A Gender Rights Activist working with the tribal and marginalized communities in india, Srilekha is a PhD scholar working on understanding body and sexuality among tribal girls, to fill the gaps in research around indigenous women and their stories. Srilekha has worked extensively at the grassroots level with community based organisations, through several advocacy initiatives around Gender, Mental Health, Menstrual Hygiene and Sexual and Reproductive Health Rights (SRHR) for the indigenous in Jharkhand, over the last 6 years.

Srilekha has also contributed to sustainable livelihood projects and legal aid programs for survivors of sex trafficking. She has been conducting research based programs on maternal health, mental health, gender based violence, sex and sexuality. Her interest lies in conducting workshops for young people on life skills, feminism, gender and sexuality, trauma, resilience and interpersonal relationships.

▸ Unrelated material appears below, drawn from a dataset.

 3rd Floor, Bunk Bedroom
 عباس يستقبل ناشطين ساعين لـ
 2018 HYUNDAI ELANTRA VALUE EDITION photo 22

A Guwahati-based college student pursuing her Masters in Tata Institute of Social Sciences, Bidisha started the #BleedwithDignity campaign on the technology platform Change.org, demanding that the Government of Assam install
biodegradable sanitary pad vending machines in all government schools across the state. Her petition on Change.org has already gathered support from over 90000 people and continues to grow.

Bidisha was selected in Change.org’s flagship program ‘She Creates Change’ having run successful online advocacy
campaigns, which were widely recognised. Through the #BleedwithDignity campaign; she organised and celebrated World Menstrual Hygiene Day, 2019 in Guwahati, Assam by hosting a wall mural by collaborating with local organisations. The initiative was widely covered by national and local media, and the mural was later inaugurated by the event’s chief guest Commissioner of Guwahati Municipal Corporation (GMC) Debeswar Malakar, IAS.